From a general point artscience as it stands right now seem to refer to anything and everything created and curated using tools normally reserved for usually inaccessible scientific research for purposes of artistic expression- and nothing else. It’s art as usual except the tubes of paints and canvas got switched out to some other things associated with science (or should I say popular perception of science? No real scientist I know plays around with that much colored liquid, or uses racks of test tubes).

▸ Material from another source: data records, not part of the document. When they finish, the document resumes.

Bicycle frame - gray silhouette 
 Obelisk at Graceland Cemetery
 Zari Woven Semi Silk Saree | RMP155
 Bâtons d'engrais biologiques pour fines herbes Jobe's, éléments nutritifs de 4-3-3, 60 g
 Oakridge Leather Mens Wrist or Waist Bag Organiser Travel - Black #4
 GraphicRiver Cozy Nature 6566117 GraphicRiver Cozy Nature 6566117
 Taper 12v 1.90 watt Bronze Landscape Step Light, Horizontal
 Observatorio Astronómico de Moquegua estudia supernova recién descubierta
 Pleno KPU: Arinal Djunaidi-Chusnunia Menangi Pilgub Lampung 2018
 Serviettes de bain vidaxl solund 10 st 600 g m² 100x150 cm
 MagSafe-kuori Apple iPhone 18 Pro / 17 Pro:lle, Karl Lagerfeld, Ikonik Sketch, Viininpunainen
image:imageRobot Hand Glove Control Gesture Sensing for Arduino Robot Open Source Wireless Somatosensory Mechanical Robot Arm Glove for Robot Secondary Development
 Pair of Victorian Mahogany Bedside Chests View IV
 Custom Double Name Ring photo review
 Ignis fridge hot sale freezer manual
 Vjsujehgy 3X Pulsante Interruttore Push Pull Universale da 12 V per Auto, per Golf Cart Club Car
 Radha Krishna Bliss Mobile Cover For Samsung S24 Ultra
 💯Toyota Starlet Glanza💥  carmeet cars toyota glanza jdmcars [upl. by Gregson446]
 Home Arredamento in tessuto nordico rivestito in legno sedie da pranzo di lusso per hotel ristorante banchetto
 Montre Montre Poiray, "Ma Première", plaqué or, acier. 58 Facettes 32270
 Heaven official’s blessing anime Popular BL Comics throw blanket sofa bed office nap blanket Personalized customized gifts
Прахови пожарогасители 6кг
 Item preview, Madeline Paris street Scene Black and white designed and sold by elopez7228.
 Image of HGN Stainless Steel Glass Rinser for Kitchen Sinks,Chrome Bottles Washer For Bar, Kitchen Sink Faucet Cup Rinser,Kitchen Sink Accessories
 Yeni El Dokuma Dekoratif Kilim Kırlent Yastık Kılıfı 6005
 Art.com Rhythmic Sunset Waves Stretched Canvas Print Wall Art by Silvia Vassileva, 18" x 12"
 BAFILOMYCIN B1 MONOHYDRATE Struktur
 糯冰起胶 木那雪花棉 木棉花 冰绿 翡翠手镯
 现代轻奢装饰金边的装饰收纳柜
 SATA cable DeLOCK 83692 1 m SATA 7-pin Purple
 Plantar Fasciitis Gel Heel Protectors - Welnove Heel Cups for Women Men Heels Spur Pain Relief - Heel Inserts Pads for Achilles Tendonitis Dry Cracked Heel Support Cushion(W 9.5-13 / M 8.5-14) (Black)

It brings up an interesting question on what artscience actually is. When you really dig into the history of arts from across the globe, the techniques of art was never really far away from experimentation and keeping track of data- the practice of simply walking into a store to buy tubes of paint without knowing how it’s made and where it came from is a ridiculously modern one. Same goes for architecture. The amount of experimentation and fundamental knowledge that has to be learned to be even remotely adapt at the craft is extensive- otherwise you have a lot of dead people on your hands. Experimentation, data gathering, perfection over life time and generations- are all rather common practices in the arts.
In that light, what IS artscience? It’s highly probable Da Vinci was on the cutting edge of chemistry at the time just from making his paint and gunpowder for fireworks. Same goes for almost all the older masters. If it’s simply using scientific means and tools for purposes of art how is that so radically different from what people had been doing for most of history, when you consider that ‘traditional’ tools of art themselves were products of experimentation?
Here’s another kicker- the relatively recent interest in bioart, itself a practical artscience of sorts, is based on broader accessibility of the tools and better abstraction of ideas that allows any sufficiently funded and motivated artist to use the tools usually associated with pure research. Easier accessibility to better and more professional tools of the scientific trade by the layman will be a continuing trend for the foreseeable future… So what does artscience do that’s really different when the science part of it is as normal as walking into an arts supply store and buying tubes of paint?
Is it even real? If it is, where is it going?
And all this is without even getting into the difference between science and technology.